■ WORK TASK
When you reach the line containing "Bon de 25 centimes", begin reproducing the lines exactly and continue through the end of the listing, leaving out the pictures.

Start of COLLECTED DATA

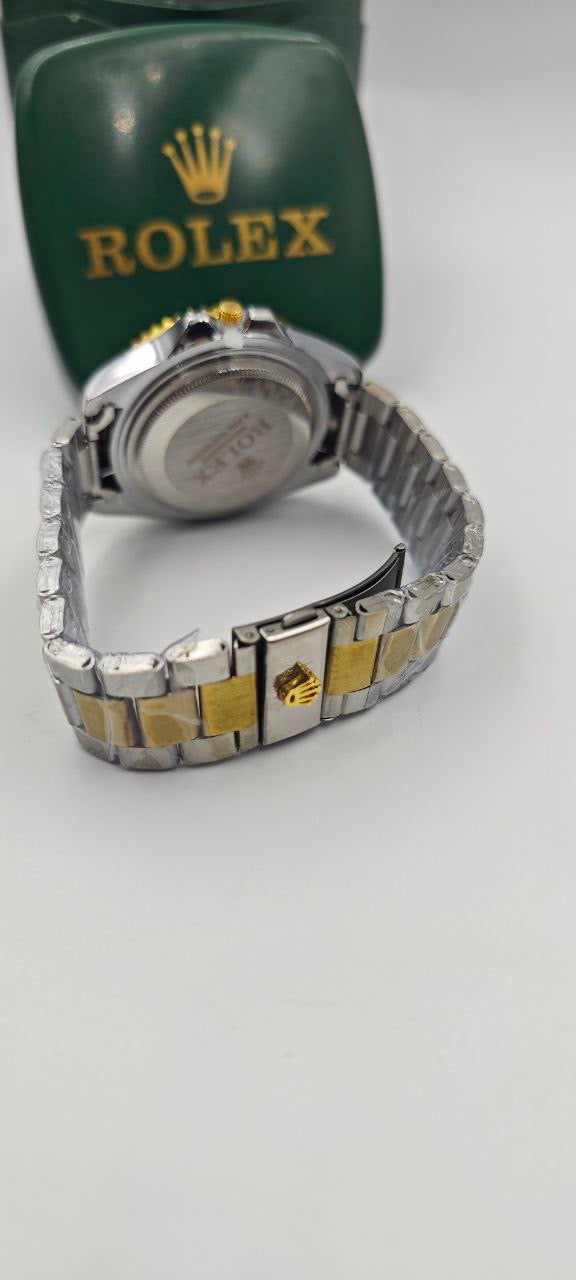 ROLEX KİLİT ALTI MARKA LOGOLU ÇİFT RENK İÇİ YEŞİL SUBMARİNA SAAT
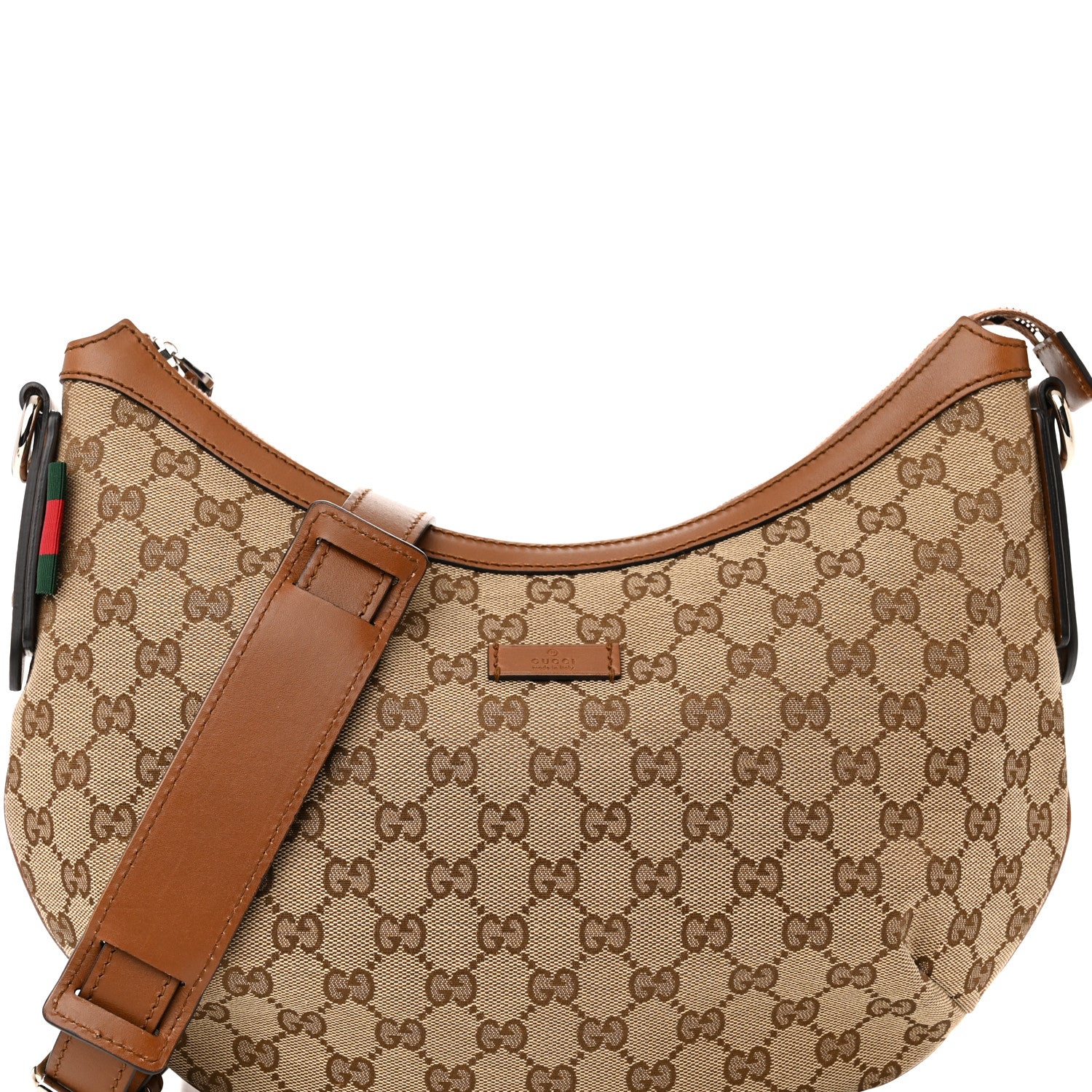 Gucci Monogram Medium Half Moon Hobo Brown 8 of 11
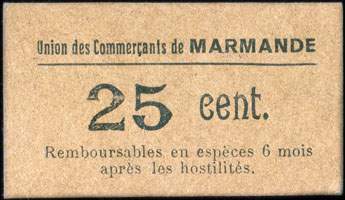 Bon de 25 centimes - Union des Commerçants de Marmande - Marmande (Lot-et-Garonne - 47) - face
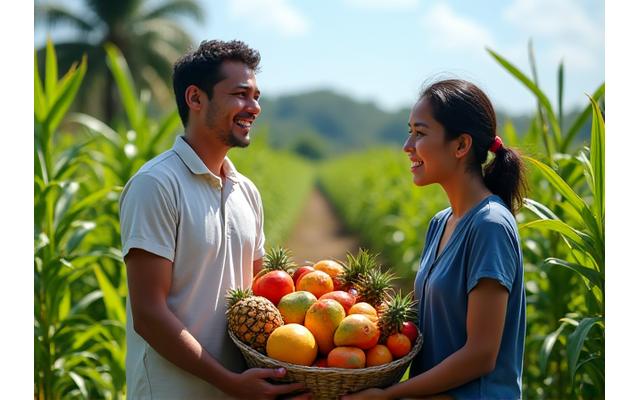 Petani Malaysia tersenyum bangga di ladang buah-buahan, dikelilingi pekerja dan buah segar yang telah dituai, melambangkan kerjasama komuniti Tropika Nectar.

End of COLLECTED DATA

■ RESULT OF THIS TASK
 Bon de 25 centimes - Union des Commerçants de Marmande - Marmande (Lot-et-Garonne - 47) - face
 Petani Malaysia tersenyum bangga di ladang buah-buahan, dikelilingi pekerja dan buah segar yang telah dituai, melambangkan kerjasama komuniti Tropika Nectar.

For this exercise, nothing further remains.